The extensive footnote disclosures have in many ways been a detriment to the main reason why there are footnote disclosures in the first place: to inform the stakeholders of relevant information about the organization. As a result, most stakeholders do not fully read the notes because of their length. Important information can easily be buried, and more footnotes have resulted in additional costs to prepare the annual financial statements both internally and externally.
ADDITIONAL DISCLOSURES FOR NONPROFIT ORGANIZATIONS
Recently, generally accepted accounting principles (GAAP) have become more complex, requiring additional and more elaborate disclosures, especially for nonprofit organizations.
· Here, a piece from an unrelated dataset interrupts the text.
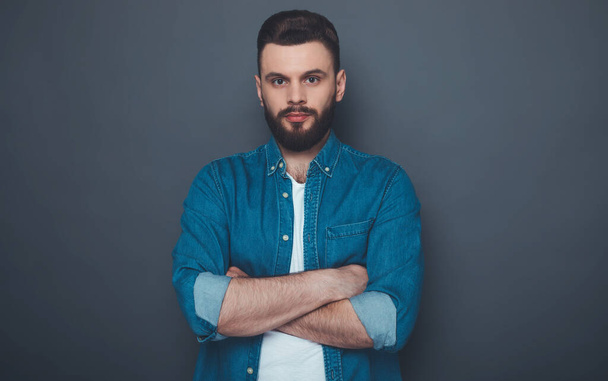 Confident serious hipster modern bearded man in jeans shirt with crossed arms is posing and looking right on the camera. - Photo, image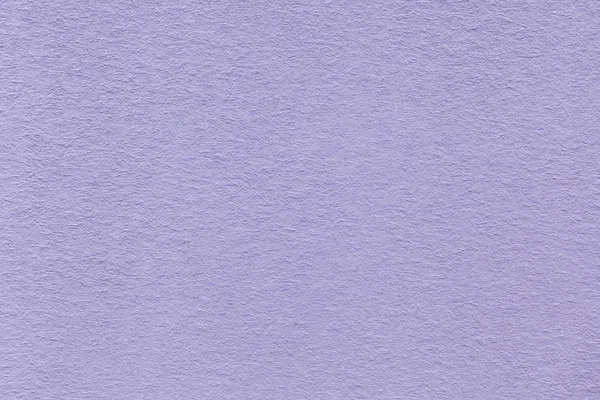 Konsistens av gamla ljus violett papper närbild. Struktur av en tät kartong. Lavendel bakgrunden. — Stockfoto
It is not uncommon to have from 10 to more than 20 pages of footnote disclosures for a nonprofit organization, and the recently issued Accounting Standards Updates (ASU) issued by the FASB will significantly increase the footnote disclosures for nonprofits.
Recent ASUs that require significant additional disclosures for nonprofit organizations are as follows:
- ASU 2016-14 Not-for-Profit Entities (Accounting Standards Codification (ASC) Topic 958)—Was effective for fiscal years beginning after December 15, 2017 (December 31, 2018 year-ends)
- ASU 2018-08 Clarifying the Scope and the Accounting Guidance for Contributions Received and Made— Effective for fiscal years beginning after December 15, 2018 (December 31, 2019 year-ends)
- ASU 2014-09 Revenue from Contracts with Customers (ASC Topic 606)—Effective for fiscal years beginning after December 15, 2018 (December 31, 2019 year-ends)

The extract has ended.